LINE採用とは? 取り組むメリット、やり方、事例を解説

LINE採用とは? 取り組むメリット、やり方、事例を解説

採用活動において「応募者に連絡が届かない」「メールを読んでもらえない」という課題を抱える担当者も多いのではないでしょうか。特に若年層はメールに不慣れで、電話にも出にくい傾向があります。そのため、応募者が日常的に利用する「LINE」を導入し、円滑なコミュニケーションを図る企業が増えています。

総務省の調査によれば、10代・20代におけるLINEの利用率は90%を超えています。

この高い浸透率は、応募者への連絡到達率を高めるうえで大きな強みとなるでしょう。本記事では、LINE採用のメリットや具体的な活用法、成功事例までを詳しく解説します。

※参照元:総務省『令和5年通信利用動向調査』

LINE採用とは? 基本的な仕組みと注目される背景

LINE公式アカウントの仕組みと種類

LINE採用で中心的な役割を担うのが「LINE公式アカウント」です。これは、企業が求職者に対してメッセージを一斉配信したり、1対1のチャットで対話したりできる公式チャネルです。

アカウントには主に「認証済み」と「未認証」の2種類があり、審査の有無や利用できる機能が異なります。

区分 審査有無 特徴 主な利用シーン
未認証 なし 個人・法人を問わず誰でも即日開設が可能。 小規模なテスト運用、個人事業主など
認証済み あり 審査を通過したアカウント。
検索結果で目立ちやすく、販促機能も豊富。
新卒・中途採用全般、店舗ビジネスなど

採用活動で利用する場合、応募者に安心感を与えるためにも、審査を経て「認証済み」アカウントを取得することをおすすめします。 認証済みアカウントは、青色の公式バッジが表示されるため、信頼性の向上につながります。

採用チャネルとしてのLINE普及率データ

LINEヤフー株式会社の公式発表によると、LINEの国内月間利用者数は9,600万人(2024年3月末時点)に達します。年代別の利用率も非常に高い水準を維持しています。

年代 利用率(総務省調査より)
10代 94.9%
20代 92.5%
30代 88.3%
40代 84.1%

このデータからも、特に若年層へ確実かつ迅速に情報を届ける手段として、LINEが非常に有効なチャネルであることがわかるでしょう。

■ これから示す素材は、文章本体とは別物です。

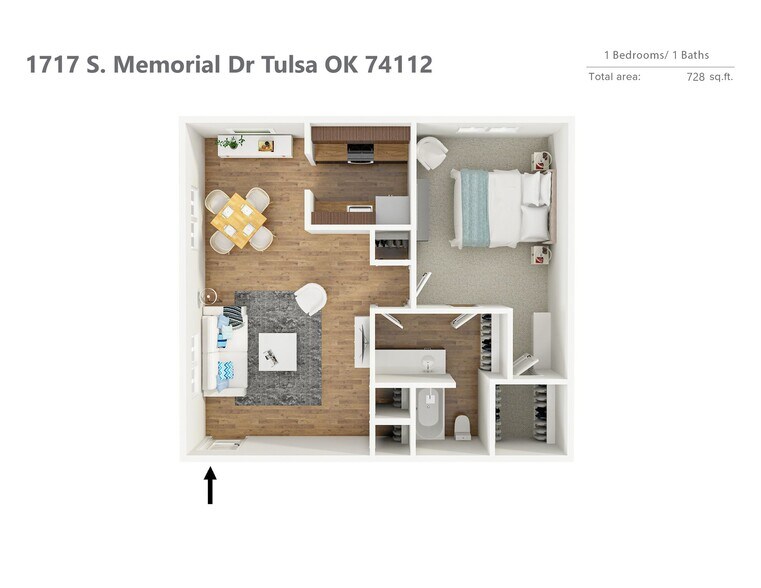 More Photos Of 1713 S Memorial Dr, Tulsa Apartments For Sale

※参照元:LINEヤフー株式会社『2023年度通期及び第4四半期決算説明会資料』

国内企業での採用への導入のトレンド

近年、LINEを採用活動に導入する企業は増加傾向にあると考えられます。その背景には、以下のような要因が挙げられます。

  • オンライン採用の一般化

非対面での選考が主流となり、オンラインで手軽にコミュニケーションが取れるツールへの需要が高まりました。

  • LINE連携ツールの増加

LINEと連携できるATS(採用管理システム)やチャットボットツールが充実し、導入のハードルが下がりました。

  • 内定辞退防止の重要性

内定承諾後も継続的にコミュニケーションを取り、内定者の不安を解消する手段としてLINEが活用されています。

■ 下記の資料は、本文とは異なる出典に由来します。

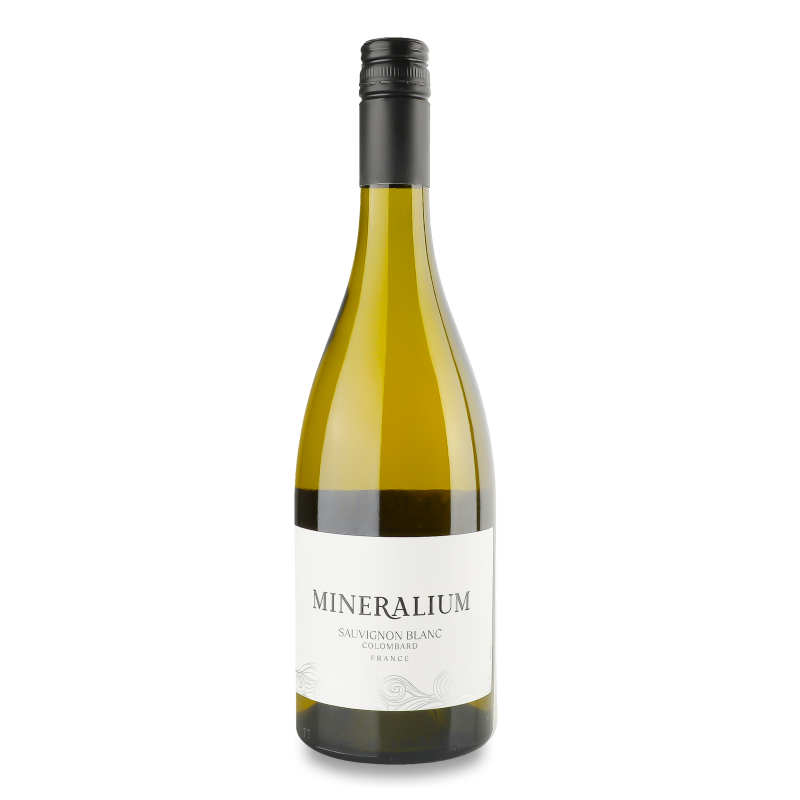 Вино Совіньон Блан бiле сухе 11,5% 0,75л Мінераліум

応募者側も企業との連絡手段としてLINEを期待する傾向があり、導入の有無が母集団形成に影響を与える可能性も考えられます。

LINE採用が求職者体験を向上させる

LINE採用は、応募者の体験価値を向上させる点でも注目されています。LINEのプッシュ通知機能により、メッセージは応募者のスマートフォンに即時に届き、既読機能で相手が確認したかどうかも把握できます。

また、LINEログイン連携を利用すれば、応募フォームへの情報入力を自動化でき、応募者の手間を大幅に削減することが可能です。

さらに、動画や図解を用いたリッチメッセージを活用することで、企業の魅力や文化を直感的に伝えられます。問い合わせから面接連絡までが一つの画面で完結するため、応募者にとってストレスの少ない選考プロセスを実現することができるのです。

従来の採用手法との違いとLINE採用のメリット

高い開封率と早いレスポンス

従来の連絡手段であるメールと比較して、LINEは高い開封率が期待できます。プッシュ通知によってメッセージが見逃されにくく、応募者が日常的に使うアプリであるため、素早い反応を得やすい点が特徴です。

メールのように他の多数のメッセージに埋もれてしまうことが少なく、面接日程の調整やリマインドを確実に行うのに役立ちます。

コミュニケーション工数の削減

電話による面接日程の調整は、候補者と何度もやり取りが発生し、多くの時間を要することがあります。

LINEに連携できる日程調整ツールなどを活用すれば、候補者は提示された候補日時からワンタップで予約を完了できます。これにより、人事担当者の調整業務にかかる工数を大幅に削減し、より重要な業務に集中することが可能になるでしょう。

双方向チャットによる志望度の向上

LINEは1対1のチャット形式で、応募者からの質問にリアルタイムで回答できます。選考に関する細かな疑問や不安をその場で解消することで、応募者の企業に対する理解が深まり、志望度を高める効果が期待できます。FAQを自動で回答するチャットボットを導入すれば、24時間365日対応も可能となります。

タグ管理によるセグメント配信

LINE公式アカウントでは、応募者に対して「文系理系」「志望職種」「説明会参加済み」といった「タグ」を付けて管理できます。このタグ機能を活用し、特定の応募者グループに絞ってメッセージを送る「セグメント配信」が可能です。

例えば、「説明会に参加したものの、まだ応募していない学生」だけに次の選考を促すメッセージを送ることで、応募率の向上が期待できます。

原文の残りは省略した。